Multilabel classification
In multilabel classification each object can belong to more than one category at the same time.
The data
are expected to contain as many target columns as there are class labels. The target columns should be logical vectors that indicate which class labels are present. The names of the target columns are taken as class labels and need to be passed to the target
argument of makeMultilabelTask()
.
In the following example we get the data of the yeast data set, extract the label names, and pass them to the target
argument in makeMultilabelTask()
.
yeast = getTaskData(yeast.task)
labels = colnames(yeast)[1:14]
yeast.task = makeMultilabelTask(id = "multi", data = yeast, target = labels)
yeast.task
## Supervised task: multi
## Type: multilabel
## Target: label1,label2,label3,label4,label5,label6,label7,label8,label9,label10,label11,label12,label13,label14
## Observations: 2417
## Features:
## numerics factors ordered functionals
## 103 0 0 0
## Missings: FALSE
## Has weights: FALSE
## Has blocking: FALSE
## Has coordinates: FALSE
## Classes: 14
## label1 label2 label3 label4 label5 label6 label7 label8 label9 label10
## 762 1038 983 862 722 597 428 480 178 253
## label11 label12 label13 label14
## 289 1816 1799 34
See also the tutorial page multilabel.
Cluster analysis
As cluster analysis is unsupervised, the only mandatory argument to construct a cluster analysis task is the data
. Below we create a learning task from the data set datasets::mtcars()
.
data(mtcars, package = "datasets")
cluster.task = makeClusterTask(data = mtcars)
cluster.task
## Unsupervised task: mtcars
## Type: cluster
## Observations: 32
## Features:
## numerics factors ordered functionals
## 11 0 0 0
## Missings: FALSE
## Has weights: FALSE
## Has blocking: FALSE
## Has coordinates: FALSE
Cost-sensitive classification
The standard objective in classification is to obtain a high prediction accuracy, i.e., to minimize the number of errors. All types of misclassification errors are thereby deemed equally severe. However, in many applications different kinds of errors cause different costs.
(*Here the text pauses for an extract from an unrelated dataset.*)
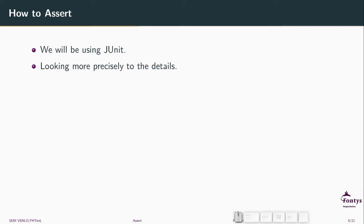First, let's look at the testing tools. We'll be using JUnit. There are more testing libraries in Java — TestNG is another one. There's also JUnit 5, which is already available but we will not be using it this semester. JUnit 5 is available in NetBeans 10 and up, but not in NetBeans 8, and we will stick to NetBeans 8 for this semester.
In case of class-dependent costs, that solely depend on the actual and predicted class labels, it is sufficient to create an ordinary ClassifTask()
.
In order to handle example-specific costs it is necessary to generate a CostSensTask()
. In this scenario, each example \((x, y)\) is associated with an individual cost vector of length \(K\) with \(K\) denoting the number of classes. The \(k\)-th component indicates the cost of assigning \(x\) to class \(k\). Naturally, it is assumed that the cost of the intended class label \(y\) is minimal.
As the cost vector contains all relevant information about the intended class \(y\), only the feature values \(x\) and a cost
matrix, which contains the cost vectors for all examples in the data set, are required to create the CostSensTask()
.
In the following example we use the datasets::iris()
data and an artificial cost matrix (which is generated as proposed by Beygelzimer et al., 2005):
df = iris
cost = matrix(runif(150 * 3, 0, 2000), 150) * (1 - diag(3))[df$Species, ]
df$Species = NULL
costsens.task = makeCostSensTask(data = df, cost = cost)
costsens.task
## Supervised task: df
## Type: costsens
## Observations: 150
## Features:
## numerics factors ordered functionals
## 4 0 0 0
## Missings: FALSE
## Has blocking: FALSE
## Has coordinates: FALSE
## Classes: 3
## y1, y2, y3
For more details see the page on cost sensitive classification.
Further settings
The Task()
help page also lists several other arguments to describe further details of the learning problem.
For example, we could include a blocking
factor in the task. This would indicate that some observations “belong together” and should not be separated when splitting the data into training and test sets for resampling.
Another option is to assign weights
to observations. These can simply indicate observation frequencies or result from the sampling scheme used to collect the data. Note that you should use this option only if the weights really belong to the task. If you plan to train some learning algorithms with different weights on the same Task()
, mlr
offers several other ways to set observation or class weights (for supervised classification). See for example the tutorial page about training or function makeWeightedClassesWrapper()
.
Accessing a learning task
We provide many operators to access the elements stored in a Task()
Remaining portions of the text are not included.